Table ronde 1: « Perspectives et expériences régionales et sous-régionales »

Mme LIBERATA MULAMULA, Secrétaire exécutive de la Conférence internationale sur la région des Grands Lacs, institution régionale née des cendres du génocide au Rwanda et des conflits dans la région, a réaffirmé que les États doivent être tenus responsables du bien-être de leur population.  Il faut en outre des critères communs pour déclencher l’action de la communauté internationale en cas de défaillance dans l’intervention d’un État, a-t-elle dit.  « La plupart des ingrédients de la responsabilité de protéger sont présents dans les mécanismes régionaux », a-t-elle estimé.

Le siège de la Conférence internationale sur la région des Grands Lacs est au Burundi, un pays qui est sur la bonne voie après deux élections démocratiques, a-t-elle dit.  Elle a indiqué qu’aux termes du Pacte de la Conférence, les États s’engagent à trouver une solution durable pour garantir la protection des populations de la région.  S’ils ne sont pas en mesure d’honorer leurs obligations, ils seront tenus responsables devant un sommet de la Conférence.  En outre, le Pacte est assorti de plusieurs protocoles, dont un sur la protection et l’assistance aux personnes déplacées.

Mme Mulamula a également parlé de la Convention de la région des Grands Lacs sur la prévention du crime de génocide.  Elle s’est félicitée que le Bureau du Conseiller spécial pour la prévention du génocide ait appuyé la tenue d’un séminaire régional sur cette question.  La Conférence a constitué aussi un comité qui a élaboré une stratégie commune visant à assurer que la région ne connaisse jamais plus de génocide, de crime de guerre et de crime contre l’humanité.  « S’il y a toujours beaucoup d’enthousiasme au niveau régional, on ne retrouve pas le même élan au niveau national », a estimé Mme Mulamula. 

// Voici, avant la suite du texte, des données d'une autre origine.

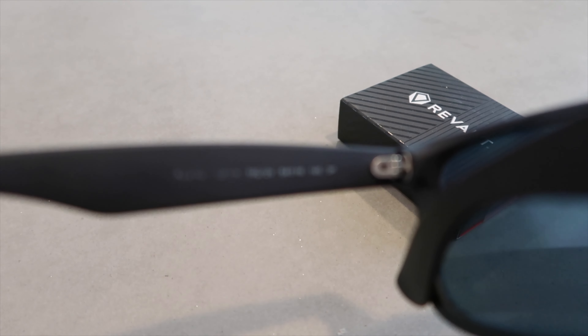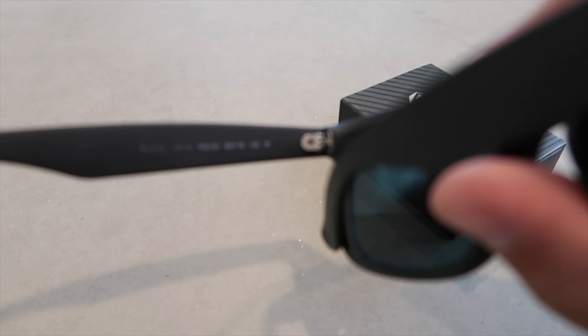I'll be reviewing these Revant lenses. These are a direct replacement for the Ray-Ban Justin sunglasses. These are size 54. You can see here they're super scratched and it's hard to see out of these things — it's pretty nasty. Anyway, I need to get new ones.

M. KNUT VOLLEBAEK, Haut-Commissaire pour les minorités nationales de l’Organisation pour la sécurité et la coopération en Europe (OSCE), a rappelé que lorsque la violence intercommunautaire avait éclaté en 2010 dans le sud du  Kirghizistan, certains ont appelé la communauté internationale à réagir et, même si aucune action n’a été prise par le Conseil de sécurité, on a constaté une acceptation croissante de la responsabilité de protéger.  La contribution de l’OSCE est de souligner l’aspect multidimensionnel de la sécurité, a-t-il indiqué.  L’OSCE a inclus la protection des droits de minorités en tant que droit fondamental et créé, en 1992, le Haut-Commissariat pour les minorités nationales (HCMN) qui a un rôle de prévention.  Ce Bureau assure des conseils, formule des recommandations et effectue des visites de suivi.  Cette prévention à long terme est complétée par des procédures de médiation, de facilitation du dialogue et d’autres instruments de diplomatie préventive quand les risques sont imminents, a-t-il expliqué.

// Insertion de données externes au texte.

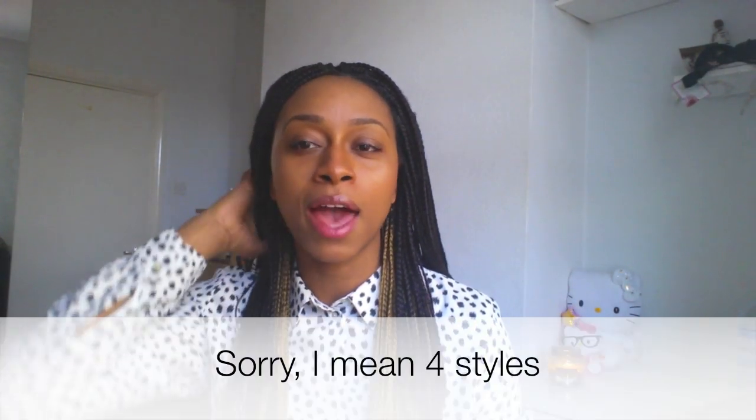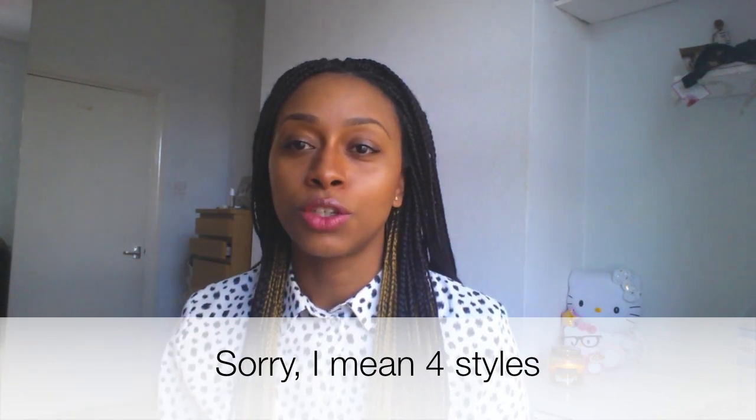Hi guys, today I'm going to be showing you three different styles that you can do with your braids. So I'm just going to go straight into it. Just to let you know, my hair is in the very last stages of its life — my extensions I mean. I'm taking them out today and I just thought to myself, I haven't really made good use of this hair. So you're going to see some dodgy, furry roots because my hair is due to come out now.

« Intervention et prévention ne doivent pas être dissociées », a estimé M. Vollebaek, faisant référence à « l’intervention pacifique » qui constitue une forme de prévention.  Il a également estimé que les mécanismes internationaux de prévention des conflits doivent être renforcés, appelant à « passer de la culture de l’intervention à celle de la prévention ».  Cependant, dans le contexte politique actuel, la mobilisation des moyens matériels avant une crise est difficile car cela n’est pas « rentable », a-t-il expliqué.  Le manque de réaction l’an dernier aux troubles au Kirghizistan en est un exemple.  Il s’est aussi dit frappé par le fait qu’il n’y ait quasiment aucun débat sur la responsabilité de protéger au sein de l’OSCE.

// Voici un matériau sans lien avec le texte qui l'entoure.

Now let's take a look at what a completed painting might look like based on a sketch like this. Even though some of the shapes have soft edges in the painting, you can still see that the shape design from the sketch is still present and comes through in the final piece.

M. VICTOR RICO FRONTAURA, Secrétaire aux affaires politiques de l’Organisation des États américains (OEA), a reconnu que la responsabilité de protéger est un principe qui évolue progressivement.  Cela ne doit pas être un prétexte pour étendre cette notion à d’autres menaces, a-t-il estimé.  Il a souligné que l’Amérique latine est une région pacifique qui a su régler les conflits par le biais de mécanismes régionaux et internationaux.  La région s’ouvre désormais à de nouveaux acteurs dans le domaine de la prévention.  Le système interaméricain des droits de l’homme permet ainsi de saisir une cour spécialisée de cas de violation des droits de l’homme.  M. Frontaura a aussi parlé de la Charte démocratique interaméricaine qui appelle tous les États membres à éliminer toute forme de discrimination pour renforcer la démocratie.  Il a également cité un programme mis en œuvre pendant sept ans pour aider les Guatémaltèques à appliquer l’accord de paix.

L’OEA a aussi lancé une formation pour les fonctionnaires au Guatemala, en Haïti et en Colombie, a ajouté M. Frontaura.  Il a enfin parlé d’un projet intitulé « Nous sommes tous des femmes » mis en place en Colombie, qui a permis d’instaurer un dialogue sur les violences faites aux femmes.  « Même si notre région est pacifique, nous nous heurtons à certains défis comme la corruption, le trafic de stupéfiants et la criminalité organisée », a-t-il reconnu.

Dans ce débat, beaucoup ont reconnu, comme l’Allemagne, que les organisations régionales sont des partenaires clefs dans l’exercice de la responsabilité de protéger, car elles sont plus proches des évènements et des circonstances.  Leur rôle se situe avant tout dans le domaine de la prévention, a-t-on dit tout au long de la discussion de ce matin, notamment par le biais d’une alerte précoce et de la sensibilisation.

La délégation de l’Union européenne a rappelé que les institutions européennes avaient été créées en réaction aux atrocités commises au siècle dernier.  Aujourd’hui, l’Union européenne a mis au point une procédure d’adhésion avec des critères stricts permettant d’éviter des demandes d’États ayant commis des crimes de masse.  Elle a demandé aux panélistes d’expliquer comment les organisations internationales pourraient bénéficier mutuellement de leurs expériences et comment les Nations Unies pourraient aider les organisations internationales dans le domaine de la responsabilité de protéger.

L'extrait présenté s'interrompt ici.